Let $R$ be a commutative ring with unity. Show that the maximal spectrum of $R$ is quasi-compact under Zariski topology.
I tried by taking an open cover $\{ D(I_i) | I \in \Lambda \}$ of $\operatorname{Max} R$. Then $\operatorname{Max} R \subseteq \{ D(I_i) \mid I \in \Lambda \} \implies \operatorname{Max} R \subseteq \operatorname{Spec}(R) \setminus V(\sum I_i)$
But I don't know how to proceed from here.
You can reduce to the claim that $\operatorname{Spec} R$ is quasi-compact.
Suppose $\{D(I_i)\}$ covers $\operatorname{MaxSpec} R$. Then $V(\sum I_i)\subset \operatorname{Spec} R$ is a closed subscheme of $\operatorname{Spec} R$, so it is quasi-compact.
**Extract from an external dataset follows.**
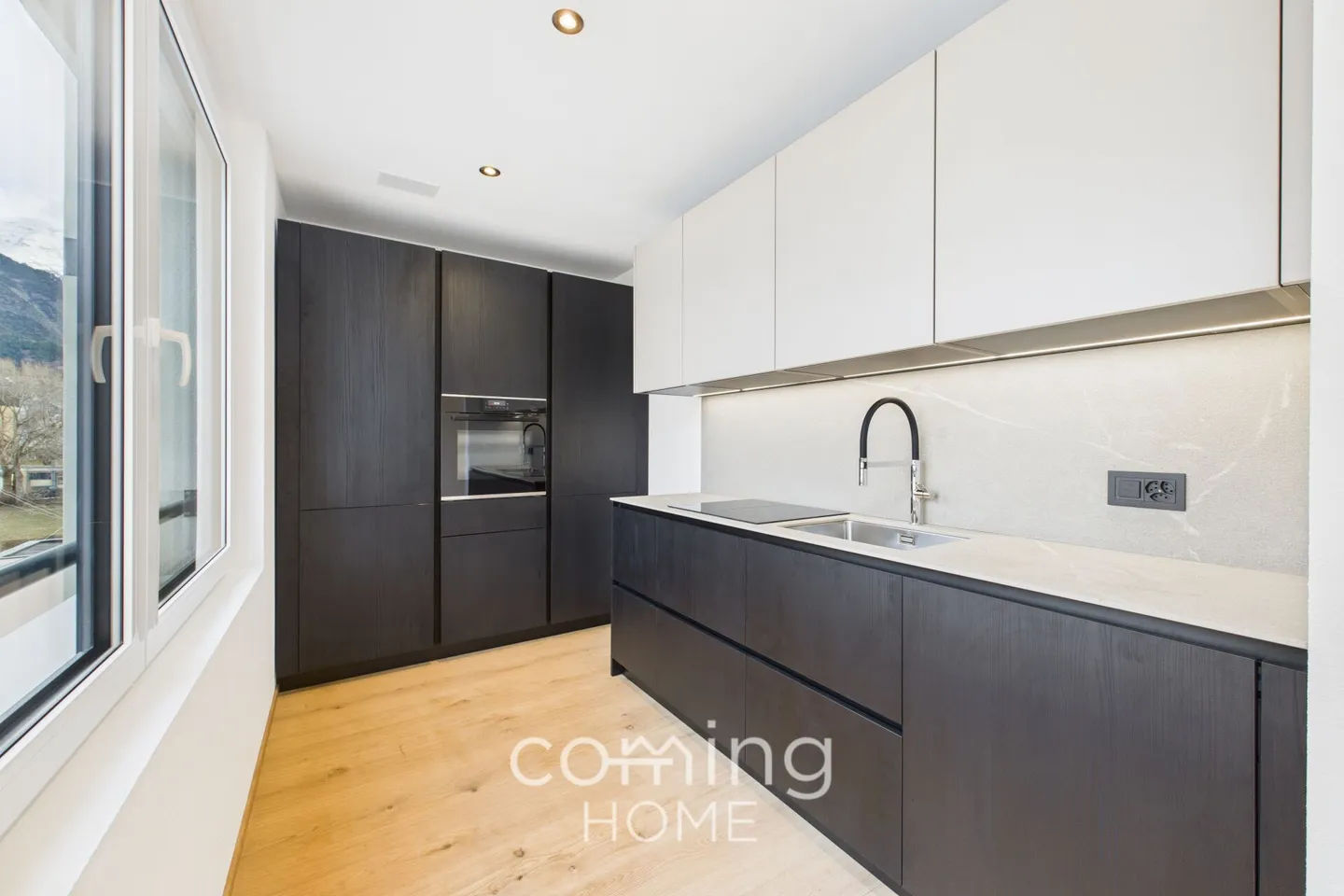 Charmante 3,5-Zimmer-Oase und atemberaubende Alpenblicke im Herzen von Brig-Glis - Foto 2 von 15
Therefore if it's non-empty, it must contain a closed point. But such a closed point is a point of $\operatorname{MaxSpec} R$, and $\{D(I_i)\}$ were assumed to cover $\operatorname{MaxSpec} R$, so it must be the case that $\{D(I_i)\}$ cover $\operatorname{Spec} R$ as well, so we're down to just showing that $\operatorname{Spec} R$ is quasi-compact. This is well-covered on MSE (1 2) and elsewhere, like Stacks 00E8.